[[ GIVEN INFORMATION open ]]

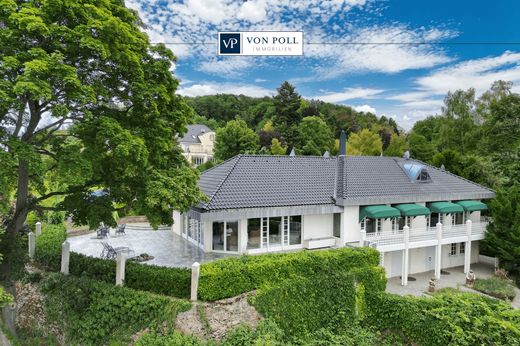 Villa in Aschaffenburg, Neder-Franken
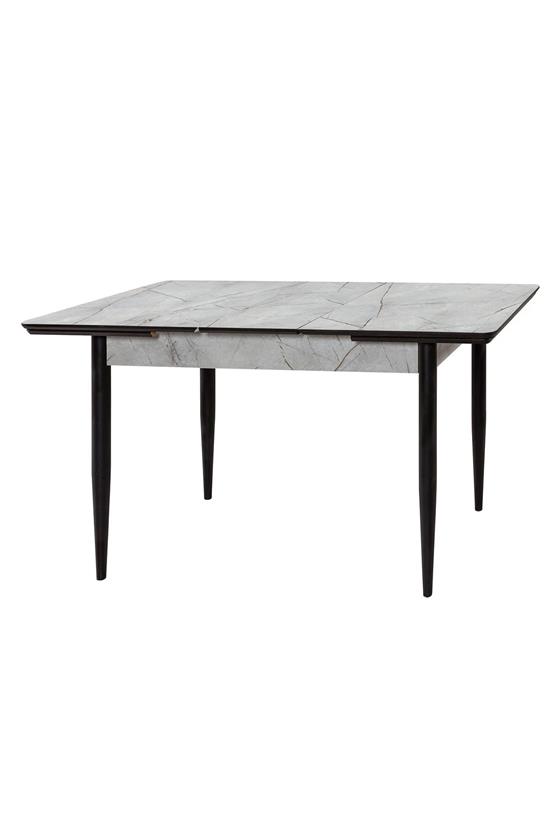 Eymense Kiev 4 Sandalyeli Mutfak Masa Takımı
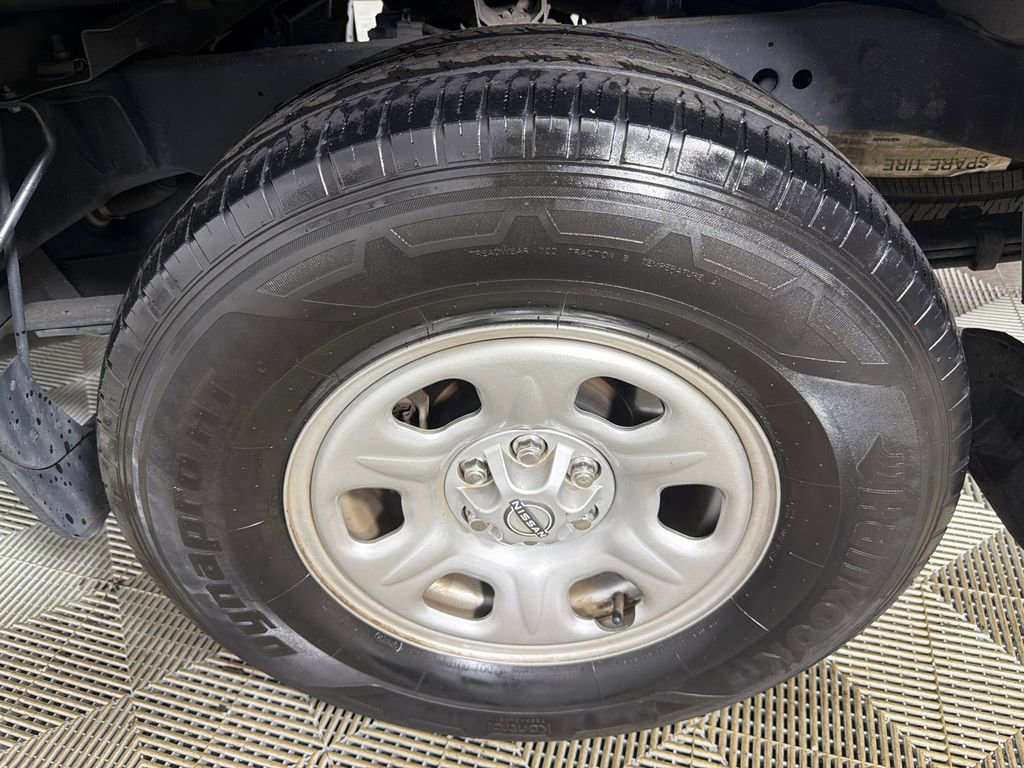 Used 2022 Nissan Frontier S w/ Technology Package RWD image 19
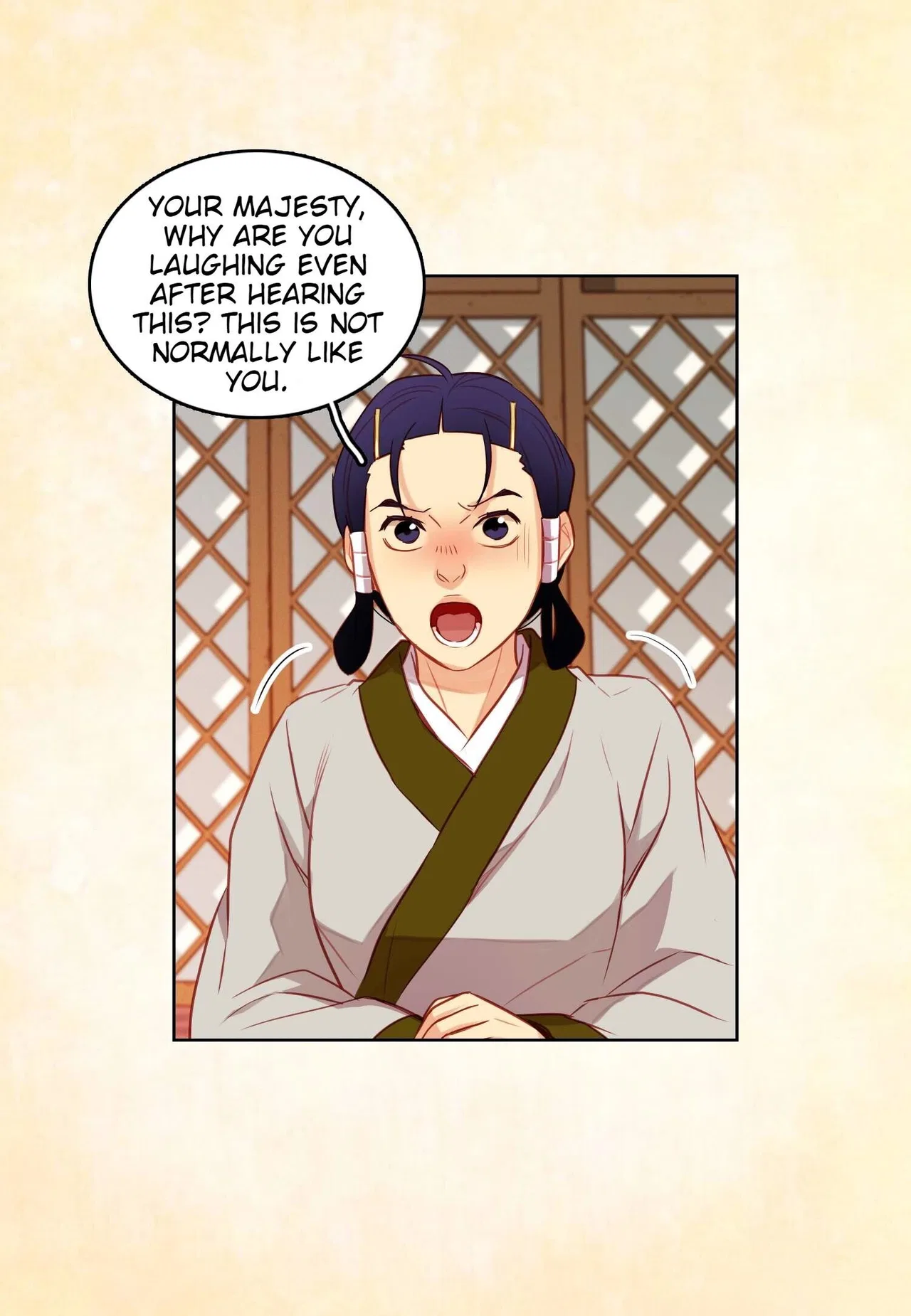 The Wicked Queen Chapter 82 – Page 13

[[ GIVEN INFORMATION closed ]]

__TO DO__:
Copy each line of the material above exactly, but not the images.

__YOUR SOLUTION__:
 Villa in Aschaffenburg, Neder-Franken
 Eymense Kiev 4 Sandalyeli Mutfak Masa Takımı
 Used 2022 Nissan Frontier S w/ Technology Package RWD image 19
 The Wicked Queen Chapter 82 – Page 13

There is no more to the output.